'We toyi-toyi to get attention'

Free State local government councillors have had to face a dressing down by President Thabo Mbeki and the Free State minister for local government, William Kotsoane, after violent community protests against a lack of services.

The popular uprisings started in Ntabazwe township, outside of Harrismith, where police killed a youth, Teboho Mkhonza, after residents demonstrated on the N3. In the past two weeks, the protests spread to the neighbouring towns of Warden, Vrede and Memel — where residents who live in even worse poverty took to the streets.

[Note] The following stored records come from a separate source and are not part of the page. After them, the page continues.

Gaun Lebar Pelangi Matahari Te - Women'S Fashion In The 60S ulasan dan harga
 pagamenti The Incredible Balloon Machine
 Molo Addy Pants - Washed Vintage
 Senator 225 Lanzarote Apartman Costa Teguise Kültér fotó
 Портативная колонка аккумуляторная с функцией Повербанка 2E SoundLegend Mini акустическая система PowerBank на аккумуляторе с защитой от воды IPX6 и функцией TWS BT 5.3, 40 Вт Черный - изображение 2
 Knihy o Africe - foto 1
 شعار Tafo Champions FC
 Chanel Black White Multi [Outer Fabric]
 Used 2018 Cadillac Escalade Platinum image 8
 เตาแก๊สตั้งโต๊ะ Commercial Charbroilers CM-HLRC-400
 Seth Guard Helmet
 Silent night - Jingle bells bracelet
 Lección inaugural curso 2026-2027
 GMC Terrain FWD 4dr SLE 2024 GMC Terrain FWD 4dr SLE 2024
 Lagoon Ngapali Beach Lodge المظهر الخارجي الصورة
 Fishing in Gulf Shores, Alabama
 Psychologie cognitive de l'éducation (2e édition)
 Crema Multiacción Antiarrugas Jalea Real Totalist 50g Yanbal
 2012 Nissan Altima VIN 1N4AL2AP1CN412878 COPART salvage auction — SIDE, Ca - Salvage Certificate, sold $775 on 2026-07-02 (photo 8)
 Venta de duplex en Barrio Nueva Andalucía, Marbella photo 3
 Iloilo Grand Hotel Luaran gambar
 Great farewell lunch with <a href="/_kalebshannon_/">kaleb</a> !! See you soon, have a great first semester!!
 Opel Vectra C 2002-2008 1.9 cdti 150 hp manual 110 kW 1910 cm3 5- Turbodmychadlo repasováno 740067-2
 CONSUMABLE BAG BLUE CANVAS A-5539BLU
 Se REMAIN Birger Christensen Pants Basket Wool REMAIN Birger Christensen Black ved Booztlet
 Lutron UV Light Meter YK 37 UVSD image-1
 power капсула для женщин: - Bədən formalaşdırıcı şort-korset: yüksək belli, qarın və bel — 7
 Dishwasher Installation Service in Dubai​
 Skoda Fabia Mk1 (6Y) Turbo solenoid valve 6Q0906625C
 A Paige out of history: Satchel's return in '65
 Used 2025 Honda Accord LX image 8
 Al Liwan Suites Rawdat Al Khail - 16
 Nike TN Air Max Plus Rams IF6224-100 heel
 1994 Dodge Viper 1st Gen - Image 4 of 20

This week Mbeki and Kotsoane acknowledged that the government had failed to improve the living conditions of these communities, and came down hard on local councillors for not getting essential services up and running. Even the Minister of Provincial and Local Government, Sydney Mufamadi, was moved to remark — at a gathering in Cape Town of the South African Local Government Association — how ridiculous it was that councillors were now saying it was too dangerous to meet with their communities.

Commenting on the situation in Ezenzeleni township, Warden, at the same meeting, Mbeki said: “Of course, resources are limited, but still, why should stinking buckets not be collected for two weeks? Why are the taps not fixed?

“Has the local leadership raised the problem with other spheres of government and if so, what was the response? Is it true that councillors and officials don’t attend meetings and why?”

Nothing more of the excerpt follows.